Es vida o es nada



No es el mejor poema de Claudio Rodríguez, pero no le hace falta serlo para que encontremos en esa página el motivo, acaso inevitable, de toda literatura. El poema es “Lo que no se marchita” y pertenece a un libro que podría haber sido publicado ayer, El vuelo de la celebración (1976), un libro donde lo que se celebra es la realidad a pesar de la historia, a pesar de la podredumbre. 

Ve el poeta a un corro de niños y entiende que si hay una casa de la que no se debe salir es esa. De alguna forma esos niños, sin decir nada, le acusan, porque quien descubre el mundo sabe más del mundo que quien viene de vuelta y hace muecas y da lecciones de humo.

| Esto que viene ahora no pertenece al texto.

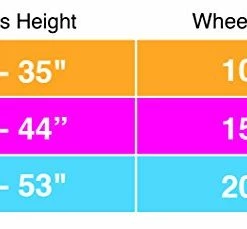 Best Pirce ❤️ Mickey And The Roadster Racers 15" Junior Cruiser Ride-on, Ages 3-7, Yellow/Red/Blue, 20" W X 22.5" H X 32.83" L 🛒 -Scooters & Equipment Sales 41SSyg6VNAL 2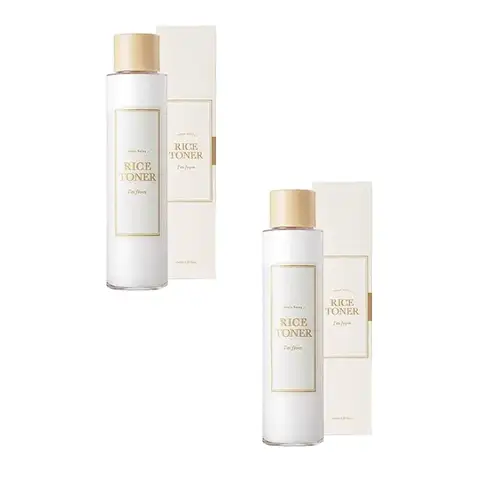 2024 뉴 라이스 토너, 77.78% 쌀 추출물, 나이아신아마이드 글로우, 건성 피부용 수분 공급, 비건, 뷰티 토너, 5.07 Fl Oz/150ml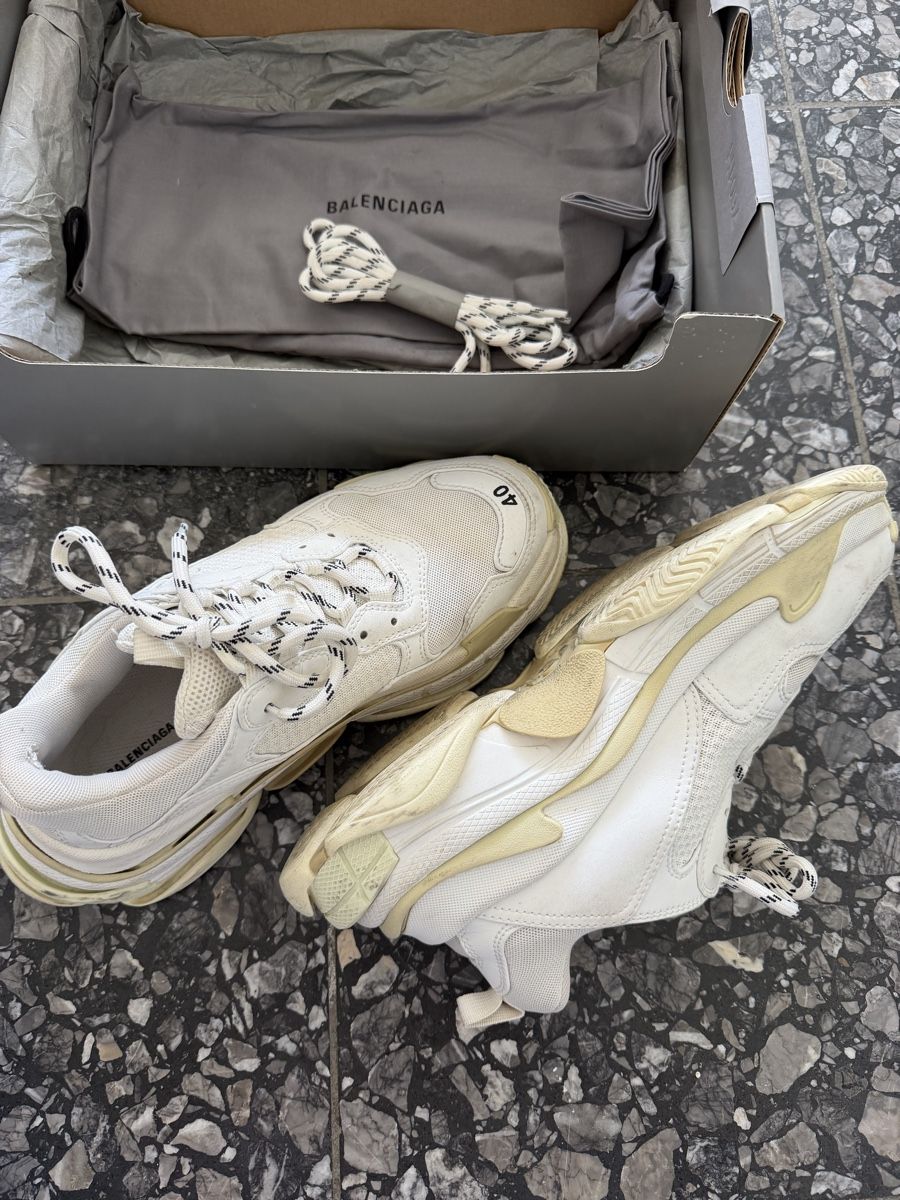 Balenciaga Scarpe da uomo: Balenciaga Sneaker – Nuovo (secondo la descrizione) da Thalwil venduto da noemilarissa 2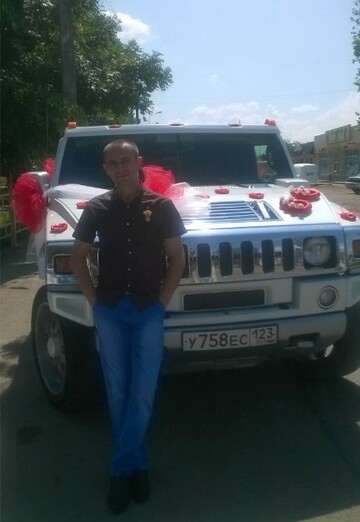 My photo - Sergey, 39 from Armavir (@sergey616472)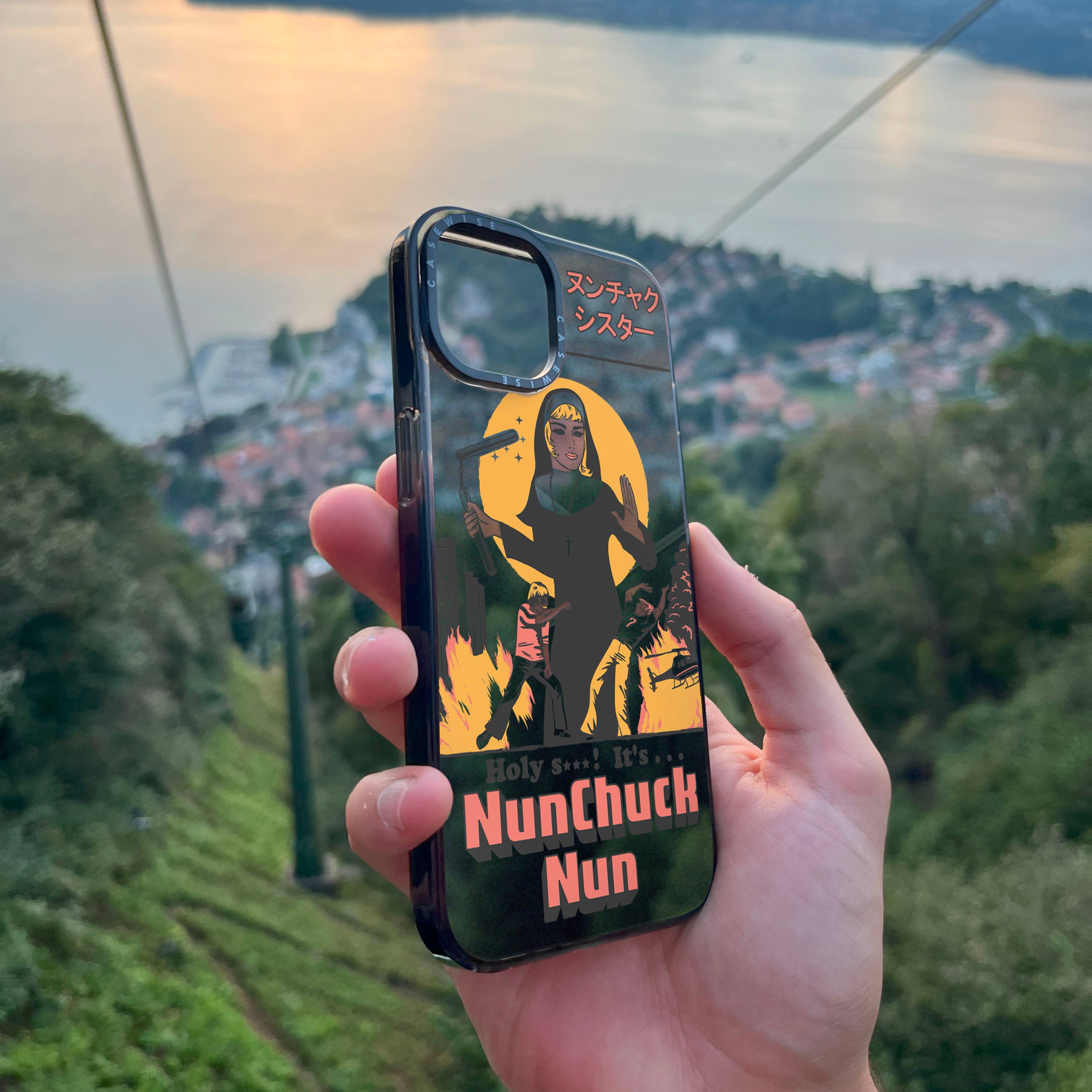 Nunchuck nie - Hülle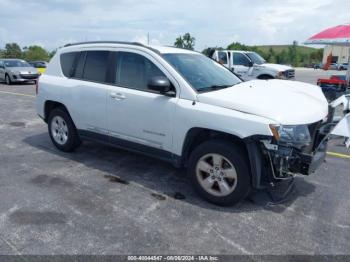  Salvage Jeep Compass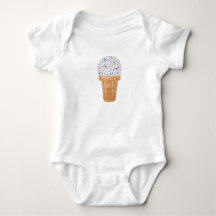 American Ice Cream Bodysuit | 4th of July Style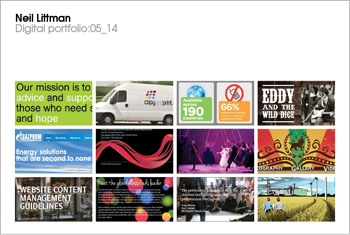 digital portfolio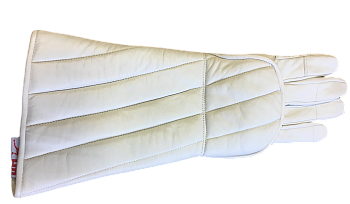 Тренерская перчатка сабельная ЛМ, кожа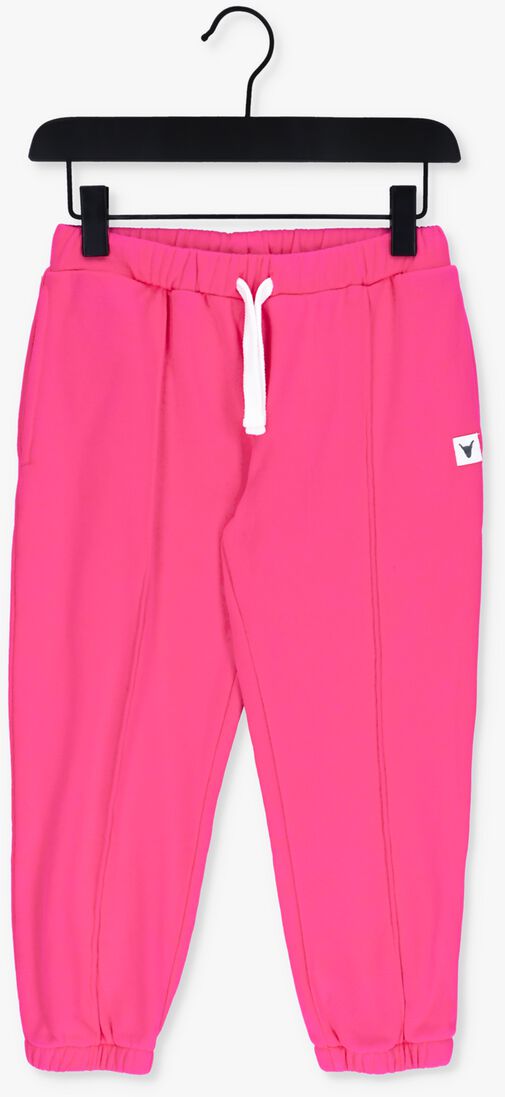 ALIX MINI roze alix mini joggingbroek teens knitted sweat pants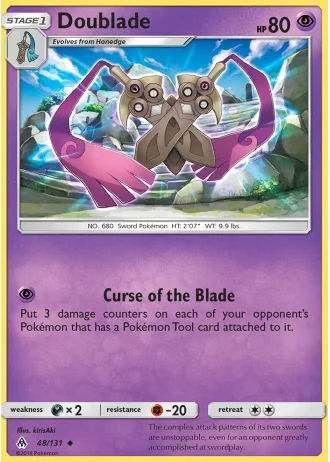 Doublade #48/131 — Forbidden Light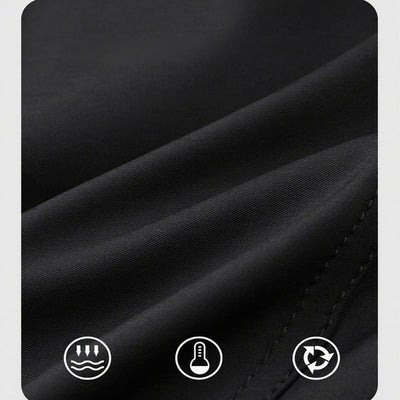 Henry - Men's Medium-Length Trench Coat with Detachable Inner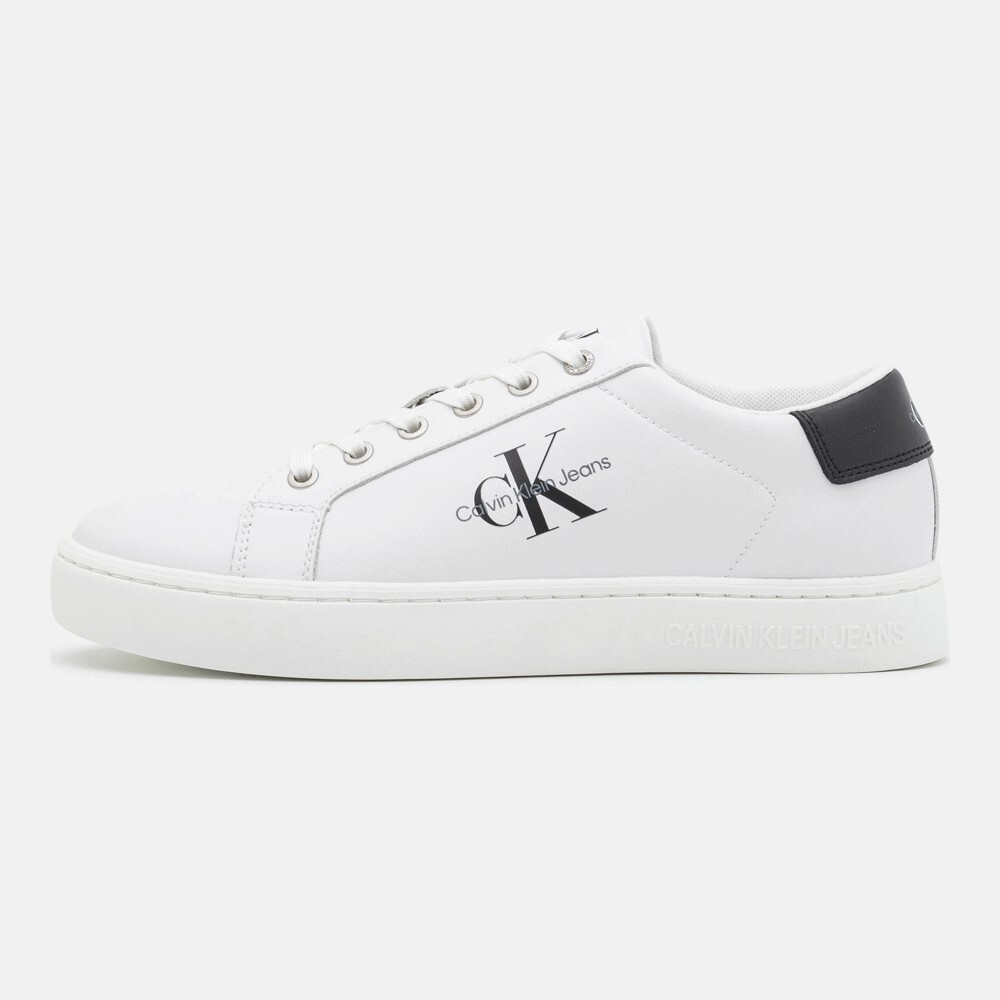 

Кроссовки Calvin Klein Jeans Classic Cupsole Lace Up, bright white, Белый, Кроссовки Calvin Klein Jeans Classic Cupsole Lace Up, bright white
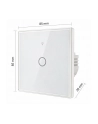 qoltec Inteligentny dotykowy 1-kanałowy włącznik wyłącznik światła | Wi-Fi | Timer | Tuya - nr 3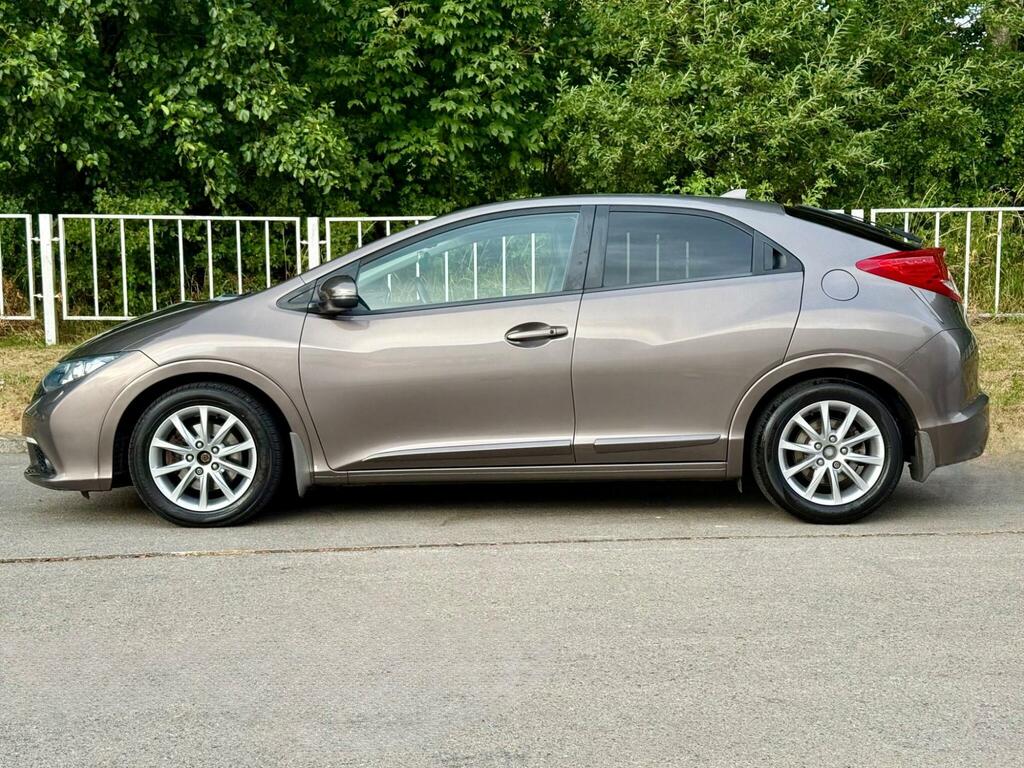 Honda Civic Reserve For 99...I-vtec Ex Silver #26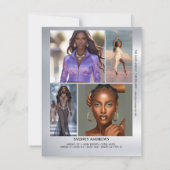 モデル輝く用StarsモデルCompカード シーズンカード (裏面)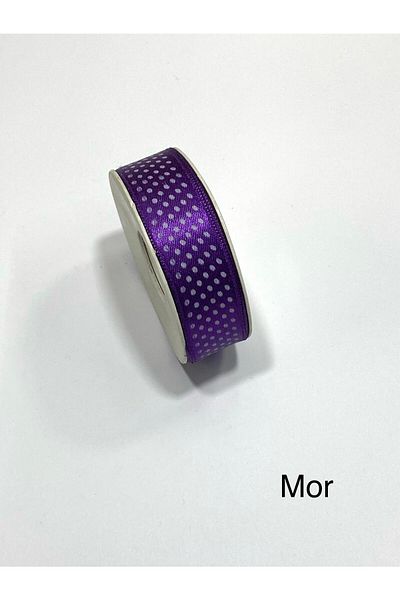 karantuhafiye Polka Dot Ribbon / 2 cm (20 mm) / 10 Meters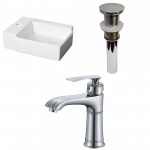 16.25-in. W Bathroom Vessel Sink Set_AI-30942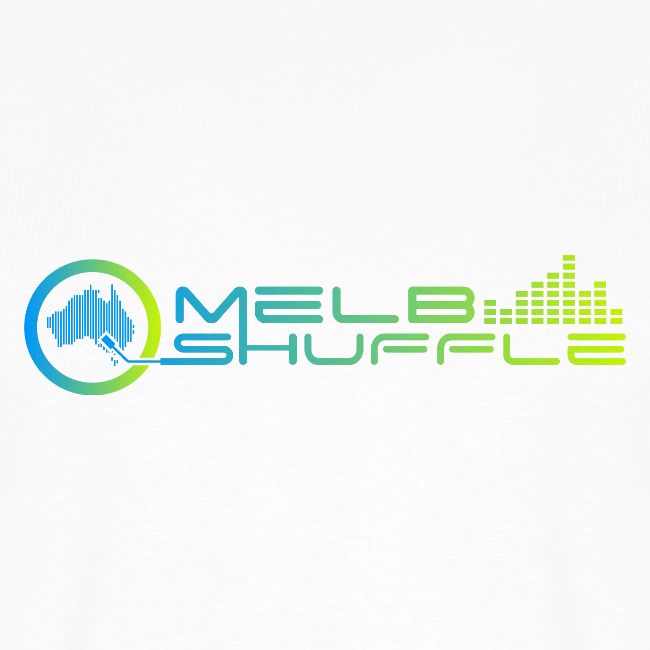 Melbshuffle Gradient Logo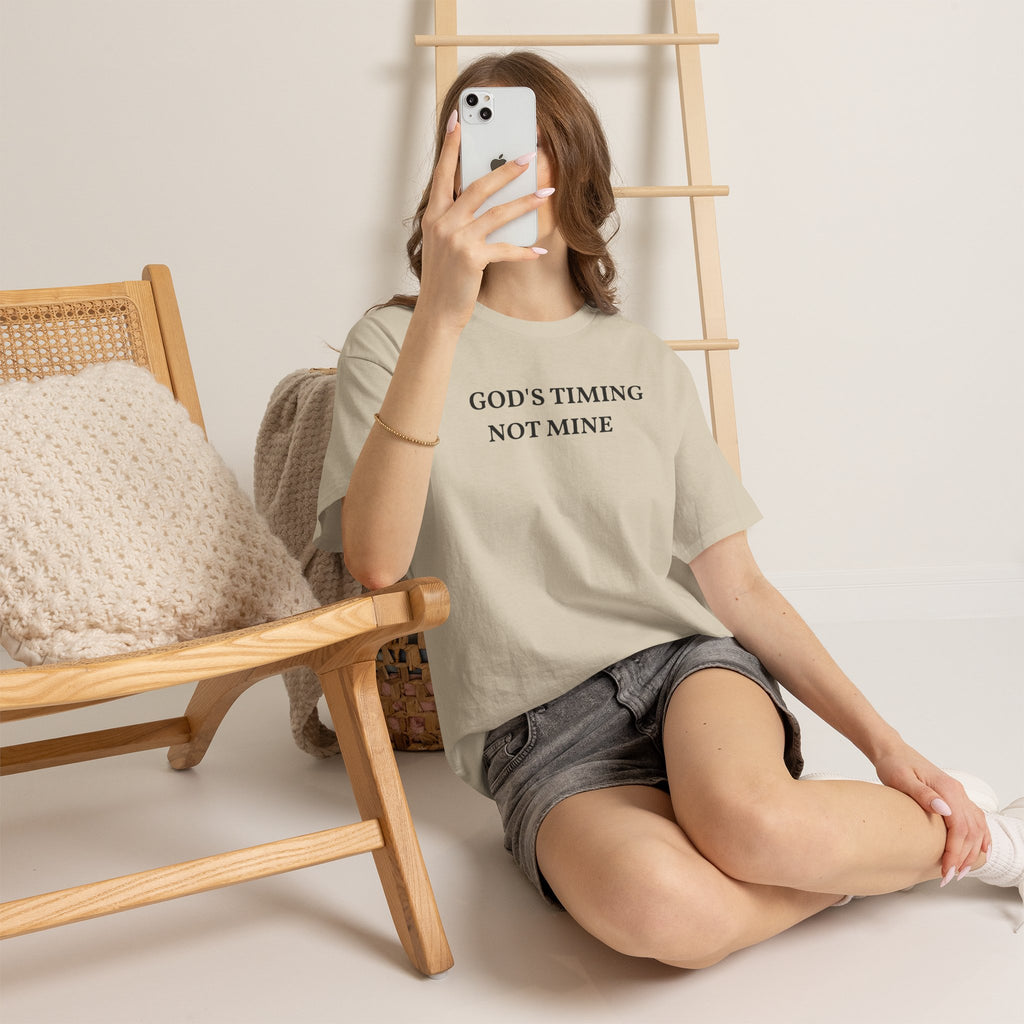 God's Timing, Not Mine T-Shirt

Luego se detiene en una niña y escribe: 

Contemplo ahora a la niña más pequeña: 
la que pone su infancia 
bajo la leña. 
Hay que salvarla. Canta y baila torpemente 
y hay que salvarla. 
Esa delicadeza que hay en su torpeza 
hay que salvarla. 

No es el poeta el que ofrece, sino el que pide. No es el escritor el que da sino el que recibe, y debe entender lo que recibe y devolverlo. Por eso Claudio Rodríguez ve en el corro de niños a los maestros y en él, en su madurez, al aprendiz. 

Hay que salvar al que pasa, al que trabaja y muere a nuestro lado, a los que juegan o callan, porque la literatura es vida o es nada. Si no se escribe para salvar algo del fraude del tiempo nada se escribe. 

Y cuántas veces, sin merecimiento, 
estoy junto a este corro, junto a esta 
cúpula, 
junto a los niños que no tienen sombra. 




En esos versos pensaba uno al volver de un paseo por las viejas calles del Toscal, en Santa Cruz, como quien dice en la periferia de cualquier sitio. Aquí todo es final y principio, como si la ciudad entera se estuviera hundiendo de este lado, en las ventanas tapiadas con bloques, en los solares donde un muro separa los escombros privados de los escombros públicos, en la cirrosis de las fachadas, en ese joven descamisado que mata la tarde junto a la puerta de un bar, somnoliento, casi vivo. 

Las casas más dignas son las arruinadas, porque en ellas nada miente, nada se maquilla, justo allí donde cuelgan unos cables de la fachada, donde se acumula la tierra en el alféizar y el número sobre la puerta palidece y tose.

Dos gatos rondan una bandeja de carne bajo un coche, protectores de un banquete de caducidades y sobras. Los cristales rotos de una ventana amagan un grito. La calle desciende estrecha, baja, desacompasada. El balbuceo de un televisor crece y se apaga junto al zumbido de una mosca. 

Se diría que está todo recién muerto, dispuesto para ser derribado, para empezar de nuevo. 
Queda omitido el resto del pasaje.